日本で新型コロナ感染者が初めて確認されたのは2020年1月。それから約2年が経過しようとしています。

日本国内では人口の7割以上がワクチンの2回目接種を完了し、新規感染者数も激減しました。各国で状況は違いますが、世界では観光客の受け入れの準備に入っている国もあります。

また、筆者が滞在するインドネシアではワクチン接種で一時退避していた日本人が戻りつつあります。

楽観は許されない状況ですが、海外勤務や海外転職に向けて準備を再開するには良いタイミングかもしれません。

しかし、ここで一度考えていただきたいことがあります。

それは「海外で働くリスク」です。

コロナ過は、我々海外で働く日本人に「海外で働くリスク」を改めて教えてくれました。海外で働くこと自体を考え直し、日本へ本帰国して新たな生活を始めた人も少なくありません。

本記事では、筆者が海外で実際に見聞きした事実を踏まえ、コロナ禍で起きた在留邦人を取り巻く悲劇をご紹介します。

「このようなリスクが再び起こり得る」、という教訓として参考にしてください。

 

一時帰国が本帰国に

コロナが猛威を古い始めた2020年は各国がその対応に追われました。日々変化する情勢に合わせ、新たな規制や制限が目まぐるしいほどに追加されていきました。

当然企業もその変化に合わせていかなければなりません。ただ、多くの企業は変化に併せていくので精一杯で、将来の計画を立てることのできない状態であったと推察されます。

そのような中で「撤退」もしくは「事実上の撤退」の判断を下した企業もありました。特に進出したばかりで経営が不安定な企業や、現地での収益化があまりできていない企業の中で起こりました。

企業にとっても想定外の判断となりましたが、最も想定外だったのは海外担当者として赴任していた個人たちです。

海外で数カ月~数年の時間を費やした中、不本意ながらの撤退。

一時帰国として日本へ帰国し、暫定的にあてがわれた国内のポジションで身の入らない仕事に時間を費やす。

近いうちに海外へ戻れると信じて頑張っていたものの、ある日突然「本帰国」の辞令が日本国内で下る。

このようなケースが散見しました。

不可抗力であったとはいえキャリア上でプラスになる話ではありません。また精神面でダメージを受け心が折れてしまう人もいたでしょう。

駐在員の場合は本社のさじ加減一つでキャリアの采配が決まってしまう、ということを身を持って体感した方は多いはずです。

 

駐在できずキャリアの白紙期間に

多くはありませんが日本から海外へ行けなかった、というパターンもありました。

国によっては「新規就労ビザの発給停止」という状態になり、あらたに人員を派遣できない状態が続いていました(いまだ続いている国もあります)。

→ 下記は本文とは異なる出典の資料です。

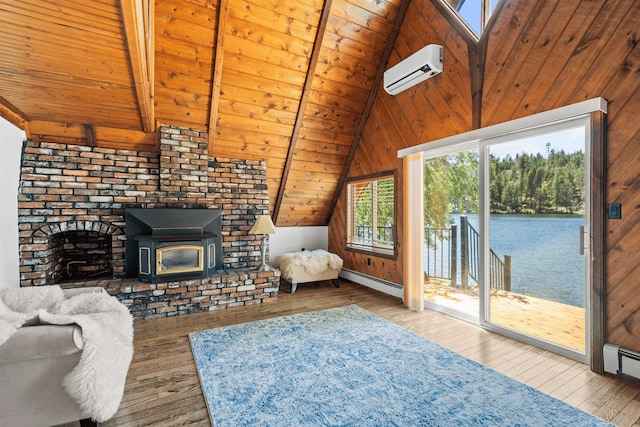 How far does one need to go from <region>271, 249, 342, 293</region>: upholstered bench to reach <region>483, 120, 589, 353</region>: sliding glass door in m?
2.28

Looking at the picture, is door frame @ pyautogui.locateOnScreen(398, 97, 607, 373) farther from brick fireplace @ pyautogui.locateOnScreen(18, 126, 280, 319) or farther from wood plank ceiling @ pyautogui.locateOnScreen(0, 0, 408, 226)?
brick fireplace @ pyautogui.locateOnScreen(18, 126, 280, 319)

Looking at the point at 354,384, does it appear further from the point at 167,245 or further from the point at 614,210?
the point at 167,245

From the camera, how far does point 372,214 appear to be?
485 centimetres

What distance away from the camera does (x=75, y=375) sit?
1.48 m

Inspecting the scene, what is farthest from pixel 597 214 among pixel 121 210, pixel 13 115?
pixel 13 115

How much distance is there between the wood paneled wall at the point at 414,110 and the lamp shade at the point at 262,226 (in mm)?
1643

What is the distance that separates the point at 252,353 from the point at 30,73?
3.03 metres

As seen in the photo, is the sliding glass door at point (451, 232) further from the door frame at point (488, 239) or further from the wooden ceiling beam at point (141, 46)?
the wooden ceiling beam at point (141, 46)

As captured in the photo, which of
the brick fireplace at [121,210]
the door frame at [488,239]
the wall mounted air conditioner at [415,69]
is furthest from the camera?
the brick fireplace at [121,210]

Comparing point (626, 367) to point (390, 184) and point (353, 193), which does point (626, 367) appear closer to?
point (390, 184)

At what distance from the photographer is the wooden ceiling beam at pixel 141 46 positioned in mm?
2014

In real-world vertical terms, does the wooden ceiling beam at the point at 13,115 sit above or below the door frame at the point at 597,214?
above

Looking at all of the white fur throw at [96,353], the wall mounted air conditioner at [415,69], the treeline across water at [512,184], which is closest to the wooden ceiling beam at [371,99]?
the wall mounted air conditioner at [415,69]

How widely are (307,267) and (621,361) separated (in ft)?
11.0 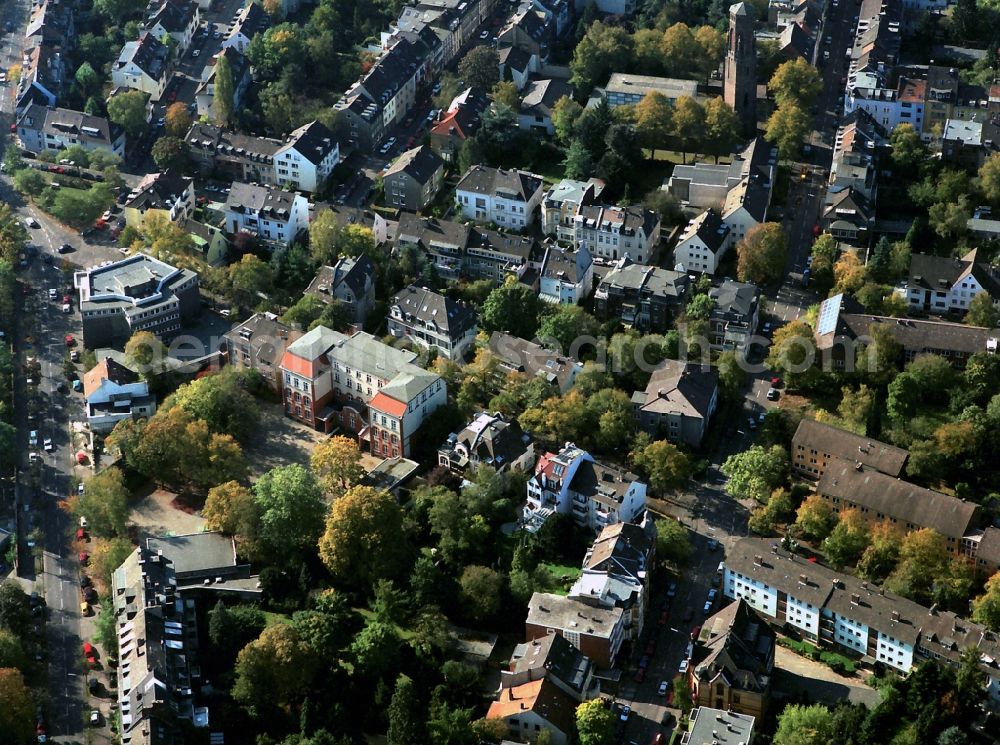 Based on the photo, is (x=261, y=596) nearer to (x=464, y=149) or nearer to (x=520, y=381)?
(x=520, y=381)

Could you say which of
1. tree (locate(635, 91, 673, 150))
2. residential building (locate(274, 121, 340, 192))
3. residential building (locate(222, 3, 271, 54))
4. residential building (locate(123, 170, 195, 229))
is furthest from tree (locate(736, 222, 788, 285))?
residential building (locate(222, 3, 271, 54))

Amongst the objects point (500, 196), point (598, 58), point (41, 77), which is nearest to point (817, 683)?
point (500, 196)

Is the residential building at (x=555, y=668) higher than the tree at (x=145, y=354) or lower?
lower

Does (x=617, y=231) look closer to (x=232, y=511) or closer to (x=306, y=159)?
(x=306, y=159)

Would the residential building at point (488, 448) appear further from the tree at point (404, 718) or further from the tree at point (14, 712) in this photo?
the tree at point (14, 712)

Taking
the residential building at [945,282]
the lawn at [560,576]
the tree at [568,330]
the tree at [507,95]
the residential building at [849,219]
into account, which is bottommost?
Result: the lawn at [560,576]

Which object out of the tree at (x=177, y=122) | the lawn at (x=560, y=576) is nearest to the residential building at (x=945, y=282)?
the lawn at (x=560, y=576) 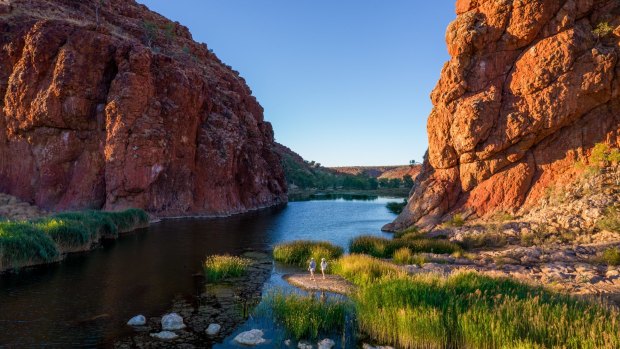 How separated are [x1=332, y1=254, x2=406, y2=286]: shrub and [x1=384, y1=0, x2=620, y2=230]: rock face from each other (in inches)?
700

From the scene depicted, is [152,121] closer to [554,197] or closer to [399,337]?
[554,197]

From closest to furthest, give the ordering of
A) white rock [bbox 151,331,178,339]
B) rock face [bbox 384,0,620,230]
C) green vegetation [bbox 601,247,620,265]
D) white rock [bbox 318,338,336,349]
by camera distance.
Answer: white rock [bbox 318,338,336,349]
white rock [bbox 151,331,178,339]
green vegetation [bbox 601,247,620,265]
rock face [bbox 384,0,620,230]

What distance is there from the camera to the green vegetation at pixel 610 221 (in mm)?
25031

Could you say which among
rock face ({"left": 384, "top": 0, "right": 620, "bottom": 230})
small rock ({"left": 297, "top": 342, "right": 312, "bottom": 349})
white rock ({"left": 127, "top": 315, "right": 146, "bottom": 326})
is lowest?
small rock ({"left": 297, "top": 342, "right": 312, "bottom": 349})

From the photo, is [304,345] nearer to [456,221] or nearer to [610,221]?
[610,221]

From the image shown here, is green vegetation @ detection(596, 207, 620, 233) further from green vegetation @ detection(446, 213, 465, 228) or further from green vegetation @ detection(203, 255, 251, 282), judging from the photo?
green vegetation @ detection(203, 255, 251, 282)

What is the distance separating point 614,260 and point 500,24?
955 inches

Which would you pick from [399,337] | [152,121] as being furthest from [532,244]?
[152,121]

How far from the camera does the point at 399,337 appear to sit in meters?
11.4

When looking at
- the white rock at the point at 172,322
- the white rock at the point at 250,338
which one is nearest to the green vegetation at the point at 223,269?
the white rock at the point at 172,322

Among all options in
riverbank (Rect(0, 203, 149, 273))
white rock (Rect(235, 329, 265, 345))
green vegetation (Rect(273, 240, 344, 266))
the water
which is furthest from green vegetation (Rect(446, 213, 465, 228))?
riverbank (Rect(0, 203, 149, 273))

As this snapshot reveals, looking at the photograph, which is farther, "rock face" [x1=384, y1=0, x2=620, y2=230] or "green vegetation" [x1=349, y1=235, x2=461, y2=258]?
"rock face" [x1=384, y1=0, x2=620, y2=230]

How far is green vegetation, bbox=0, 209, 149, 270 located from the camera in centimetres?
2136

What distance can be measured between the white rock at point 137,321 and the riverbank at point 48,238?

そのため海外駐在がいつになっても始まらず、最終的には「白紙撤回」という判断をする企業もありました。

社内の配属という形で駐在を予定していたのであれば問題ありません。

最悪なのは「海外赴任を前提として転職していた場合」です。

海外赴任を前提として採用されたため、日本国内にポジションはありません。

さらに、国内事業の部隊として雇用されたわけではないので、国内では貢献できないパターンが多いでしょう。

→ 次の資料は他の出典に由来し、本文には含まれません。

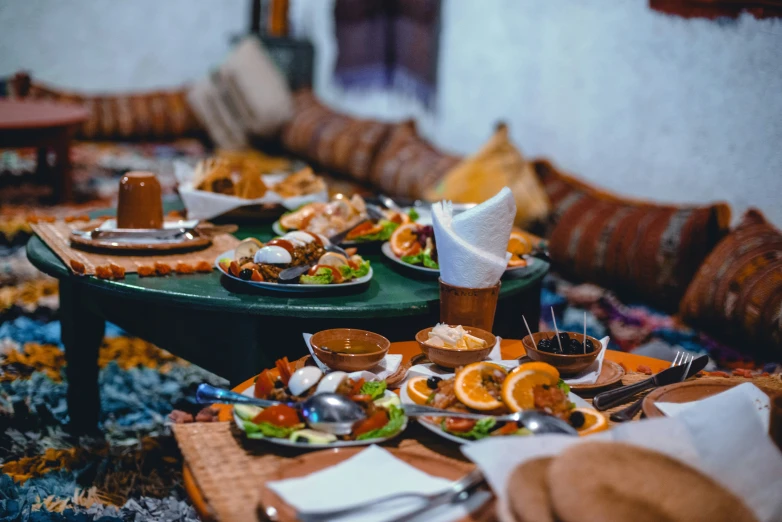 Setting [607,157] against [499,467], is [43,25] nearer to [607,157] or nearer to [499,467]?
[607,157]

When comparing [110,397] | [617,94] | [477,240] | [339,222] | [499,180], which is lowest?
[110,397]

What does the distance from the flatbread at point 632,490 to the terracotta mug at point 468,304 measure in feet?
1.99

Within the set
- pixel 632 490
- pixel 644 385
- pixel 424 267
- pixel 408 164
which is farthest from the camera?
pixel 408 164

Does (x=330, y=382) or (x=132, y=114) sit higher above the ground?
(x=330, y=382)

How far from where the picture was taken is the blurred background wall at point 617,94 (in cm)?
283

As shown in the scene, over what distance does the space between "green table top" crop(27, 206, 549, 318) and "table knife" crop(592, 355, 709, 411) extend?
1.55 feet

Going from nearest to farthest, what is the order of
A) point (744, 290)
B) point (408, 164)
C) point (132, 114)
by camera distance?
point (744, 290), point (408, 164), point (132, 114)

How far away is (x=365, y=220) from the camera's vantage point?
2131 mm

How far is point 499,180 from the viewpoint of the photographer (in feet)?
11.6

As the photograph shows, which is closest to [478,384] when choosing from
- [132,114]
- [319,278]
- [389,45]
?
[319,278]

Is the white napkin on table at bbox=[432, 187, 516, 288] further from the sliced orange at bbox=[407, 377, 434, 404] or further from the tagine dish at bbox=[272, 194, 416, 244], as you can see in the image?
the tagine dish at bbox=[272, 194, 416, 244]

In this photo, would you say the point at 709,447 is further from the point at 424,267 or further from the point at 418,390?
the point at 424,267

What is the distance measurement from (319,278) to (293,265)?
3.3 inches

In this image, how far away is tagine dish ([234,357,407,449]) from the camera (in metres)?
1.10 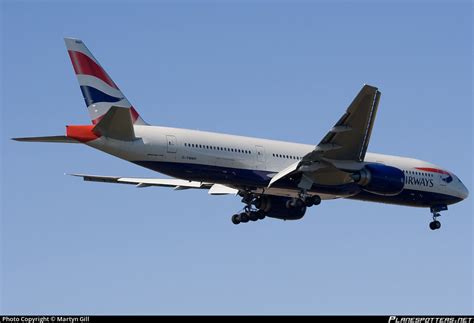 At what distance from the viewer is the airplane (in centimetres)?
4834

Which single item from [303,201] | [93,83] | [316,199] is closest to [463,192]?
Result: [316,199]

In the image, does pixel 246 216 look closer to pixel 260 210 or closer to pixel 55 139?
pixel 260 210

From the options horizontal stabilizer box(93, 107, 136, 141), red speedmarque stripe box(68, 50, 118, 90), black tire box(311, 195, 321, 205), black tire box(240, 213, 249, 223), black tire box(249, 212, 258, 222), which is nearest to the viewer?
horizontal stabilizer box(93, 107, 136, 141)

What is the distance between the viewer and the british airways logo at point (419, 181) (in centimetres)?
5725

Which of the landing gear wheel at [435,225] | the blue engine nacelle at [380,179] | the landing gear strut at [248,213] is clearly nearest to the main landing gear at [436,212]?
the landing gear wheel at [435,225]

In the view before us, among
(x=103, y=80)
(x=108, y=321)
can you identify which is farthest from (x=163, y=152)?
(x=108, y=321)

「1年待ったが海外赴任の目途が立たず、いたたまれなくなり再転職した」という方もいました。

「正常な社会からコロナ禍への移動期で転職してしまった」ゆえの稀なケースですが、このようなことも起こりえるという教訓になるでしょう。

 

想定外の単身赴任

海外現地で緊急事態が起きた場合、企業が最優先するのは「従業員の安全確保」ではなく「従業員の家族の安全確保」です。

業務のために従業員が帰国できない状況でも、まず家族を帰国させることを検討します。

また、今回のコロナ禍により「家族を帯同させるリスク」を考え始めた企業も多いです。具体的には「緊急時の金銭的、事務的負担」です。

そのため家族を日本へ戻した後、海外への再帯同を行わない企業もいます(ビザの関係で帯同そのものが不可能な場合もあります)。

元々夫婦の中で単身赴任を想定していた場合は良いのですが、そうでなければかなりの精神的苦痛を伴います。

このような状況も、緊急時では起こり得ると覚悟をしておいた方が良いでしょう。

 

半年間ほとんど誰とも会えず

日本ではそこまで厳しい措置が取られませんでしたが、国によっては「外出禁止」や「商業施設や娯楽施設の営業禁止(事実上の外出不可)」という措置がとられました。

その場合はオフィスへの出社も禁止されるので、24時間自宅に滞在することになります。

「1人が好き」という人もいるでしょうが、海外で、さらにこの状態が数カ月続く精神的負担はそうとうなものがあります。

引きこもり状態が続いたゆえに心を病むケースもありました。特に赴任したばかりでこのパターンに陥った方は大変だったでしょう。

コロナ禍ゆえのケースと言えるかもしれませんが、海外生活では「孤立」はいつでも起こる可能性があると学ばせてくれるケースです。

 

親の死に目にたちあえず

駐在員、現地採用問わず海外で働いている限り起こり得る最大の悲劇の一つです。

海外で働いていても、まだ通常時であれば緊急帰国で1~2日以内に日本に戻ることは可能です。ただ、コロナ禍ではその選択肢すら与えられなかった人々がいます。

遠く離れた海外で何もできずに、ただ両親が亡くなったという事実だけが伝えられる。近親葬で見送ることもできず。

行き先のない悲しみ、怒りを何度ソーシャルメディアの中で見かけたかわかりません。

もちろん日本国内にいても、親の死に目に立ち会えないこともあります。

ただ海外にいればその確率は非常に高くなるということは認識しておいた方が良いでしょう。

こんなはずじゃなかったと後悔しないために

今回あげたケースはコロナ禍で生じたケースです。今後また起こる可能性があるとは言えません。しかし「可能性がない」とも言えません。

もちろん、海外で働くのなんて面倒だからやめておけ!と言うつもりはありません。

現在は日本人も積極的に海外へ出て働かなければならない時代になってきています。

ただ、心の片隅に可能性として置いておいていただければと思います。

過去のケースを知っておくことで、有事の際の受け捉え方も変わるかもしれません。